## WHAT YOU WILL DO:
What are the lines, word for word, from the line with "Bank Muscat launches" up to and including the line with "Complete King Arched" in the records below? Omit the pictures.

## GIVEN RECORDS:
•••
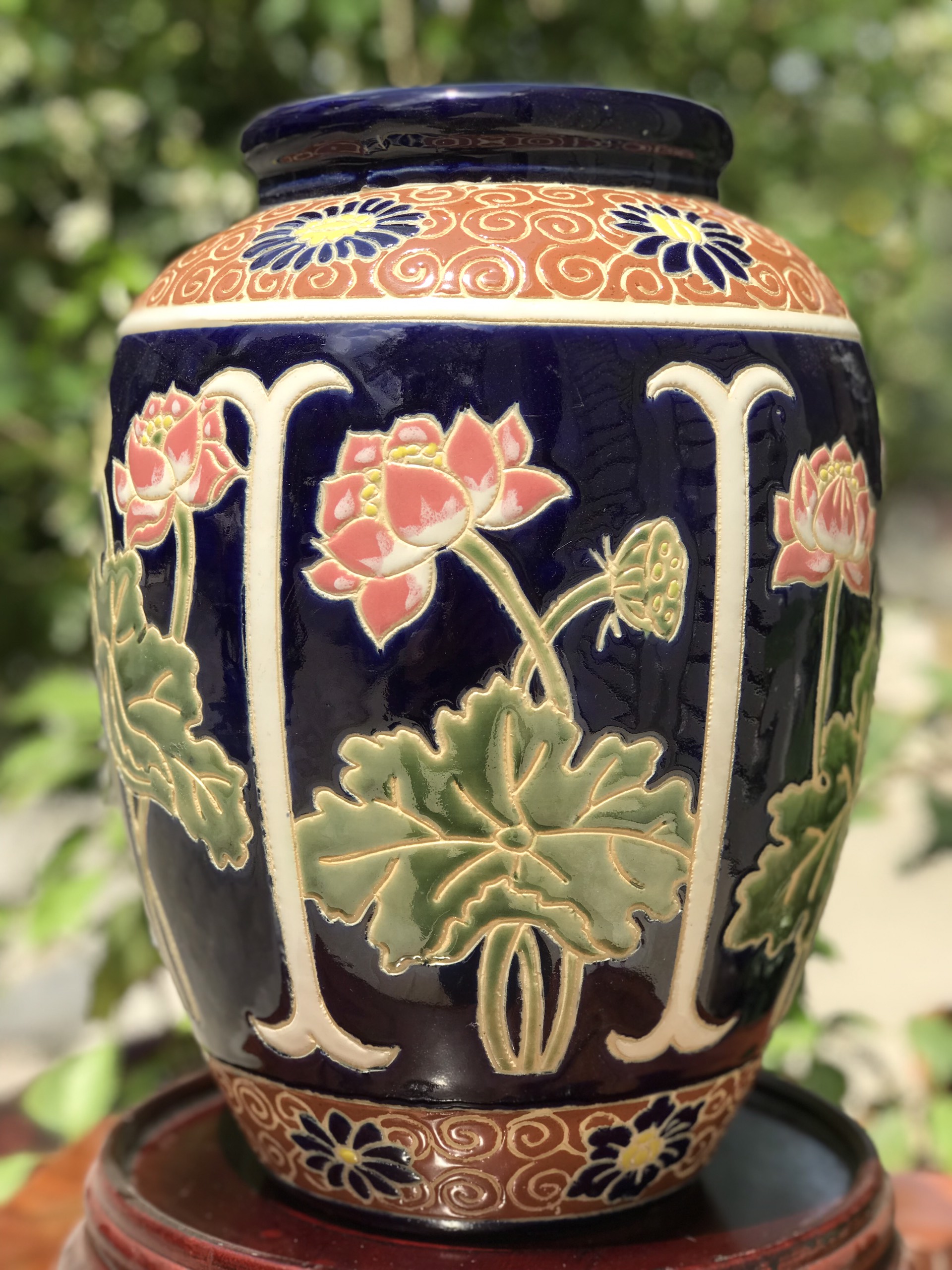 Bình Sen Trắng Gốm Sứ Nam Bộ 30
•••
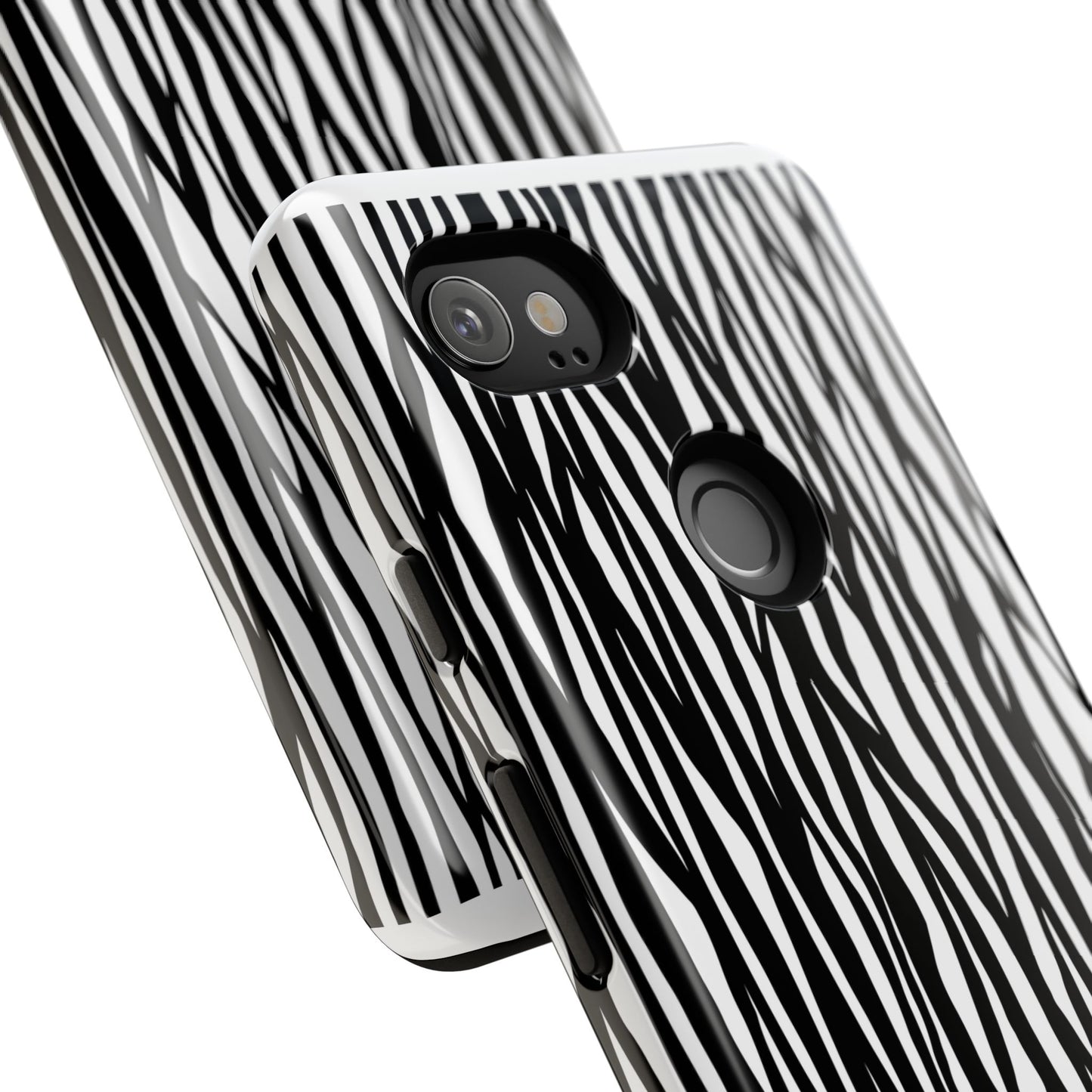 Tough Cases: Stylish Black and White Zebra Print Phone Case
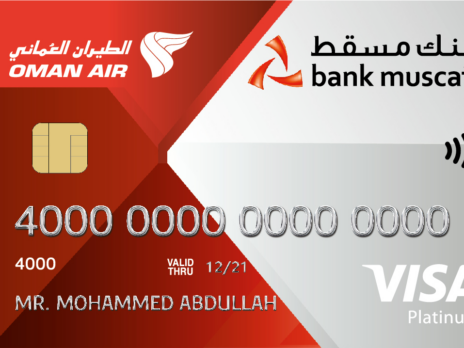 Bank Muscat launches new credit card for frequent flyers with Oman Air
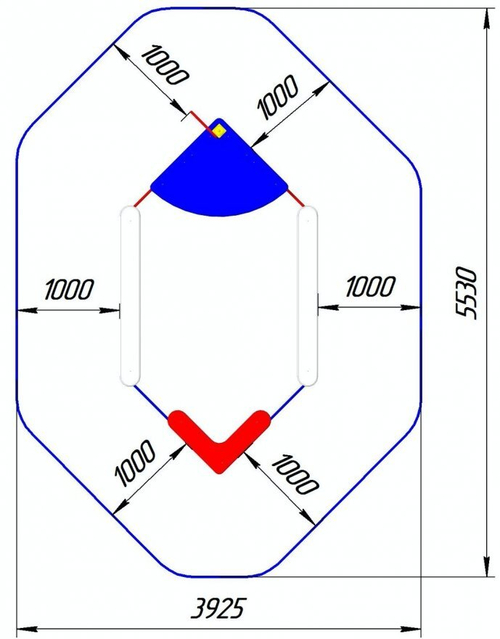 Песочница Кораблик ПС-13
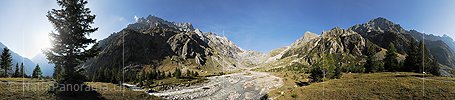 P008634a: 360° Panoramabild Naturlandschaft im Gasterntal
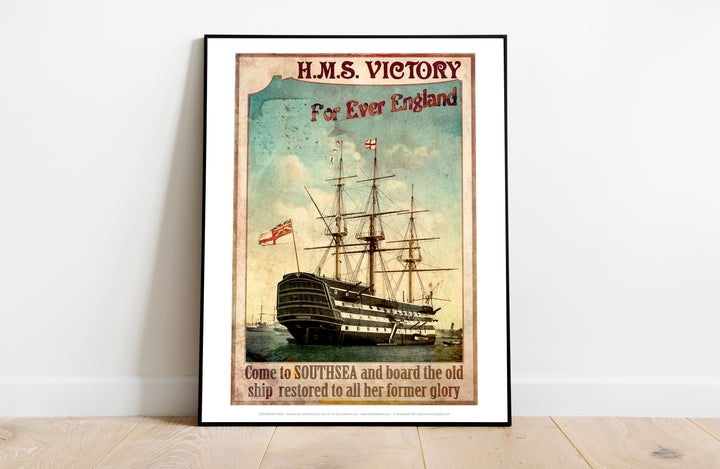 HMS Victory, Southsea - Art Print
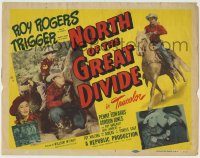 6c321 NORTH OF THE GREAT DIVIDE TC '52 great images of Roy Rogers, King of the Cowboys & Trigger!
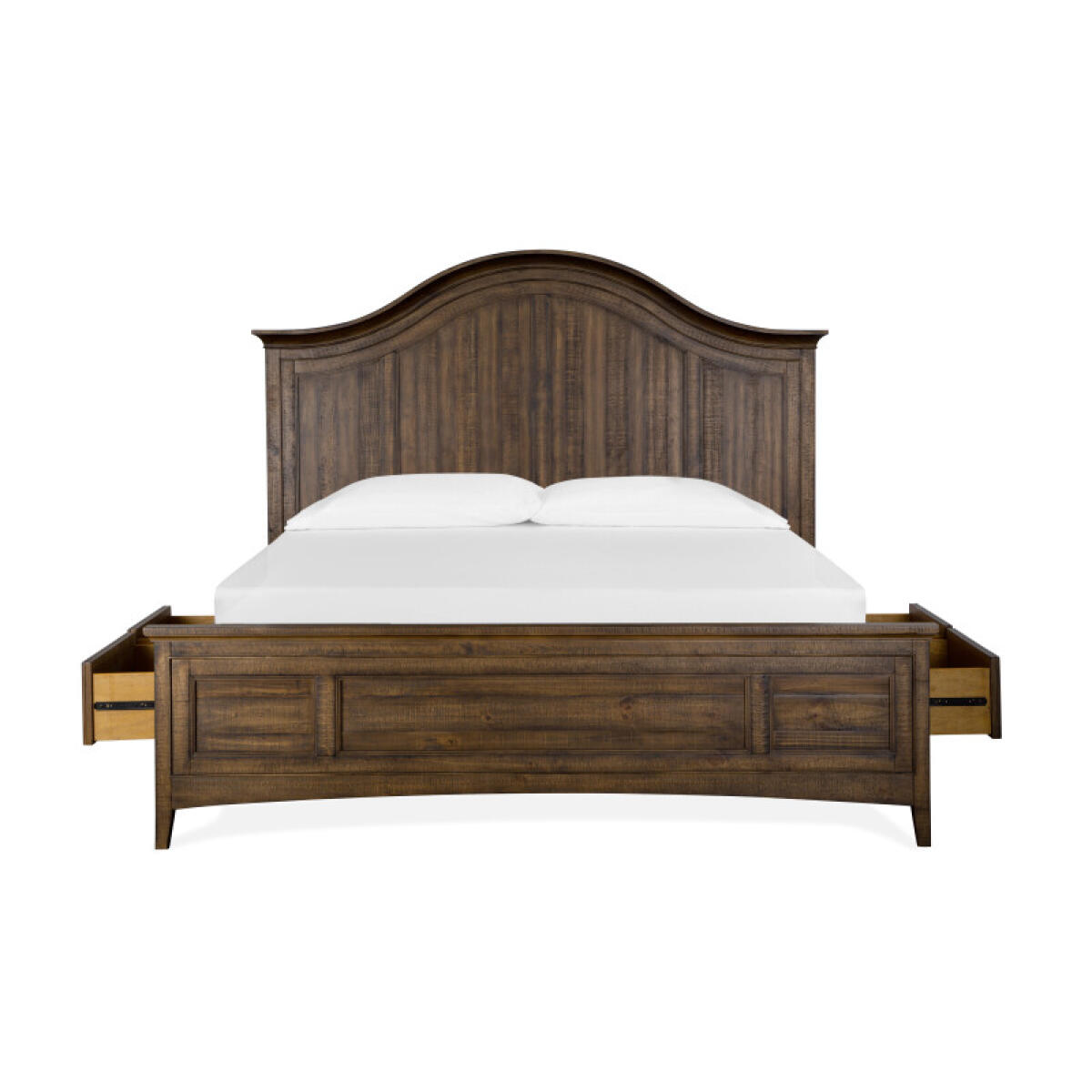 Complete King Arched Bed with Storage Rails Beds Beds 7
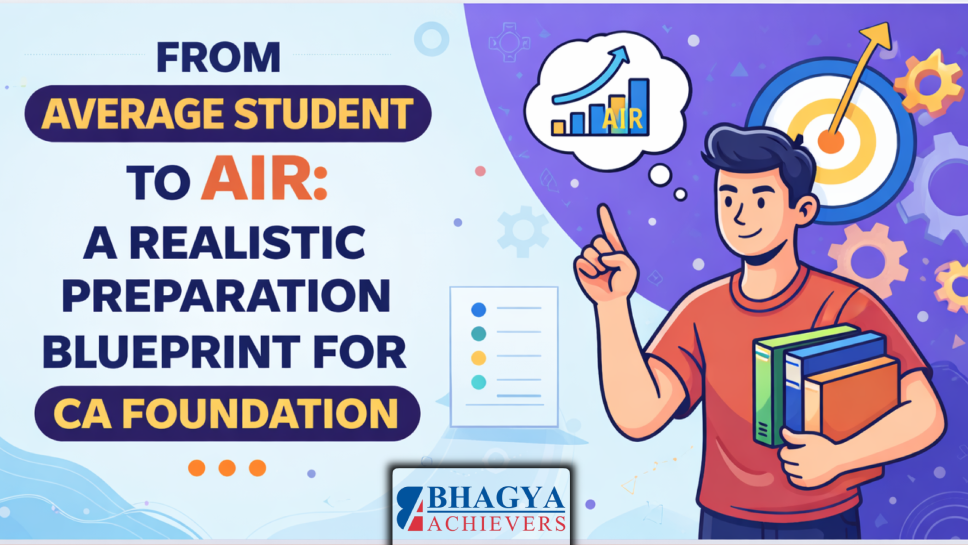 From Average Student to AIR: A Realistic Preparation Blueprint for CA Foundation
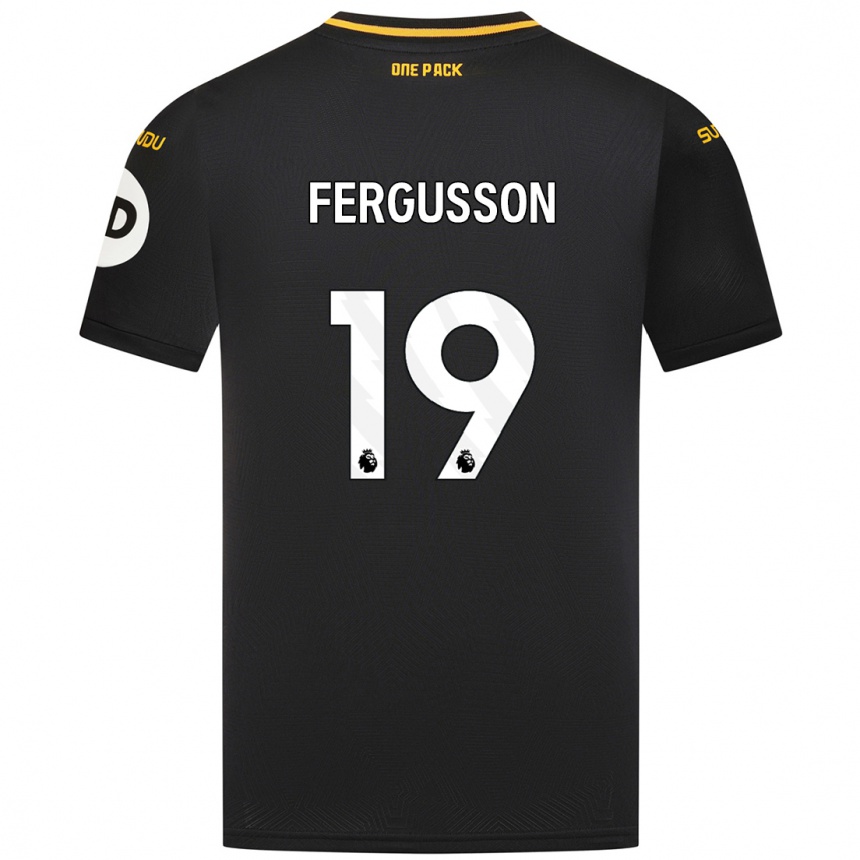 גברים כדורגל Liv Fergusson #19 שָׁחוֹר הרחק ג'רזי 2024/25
•••
## THE COMPLETED TASK:
 Bank Muscat launches new credit card for frequent flyers with Oman Air
 Песочница Кораблик ПС-13
 P008634a: 360° Panoramabild Naturlandschaft im Gasterntal
 HMS Victory, Southsea - Art Print
 6c321 NORTH OF THE GREAT DIVIDE TC '52 great images of Roy Rogers, King of the Cowboys & Trigger!
 Complete King Arched Bed with Storage Rails Beds Beds 7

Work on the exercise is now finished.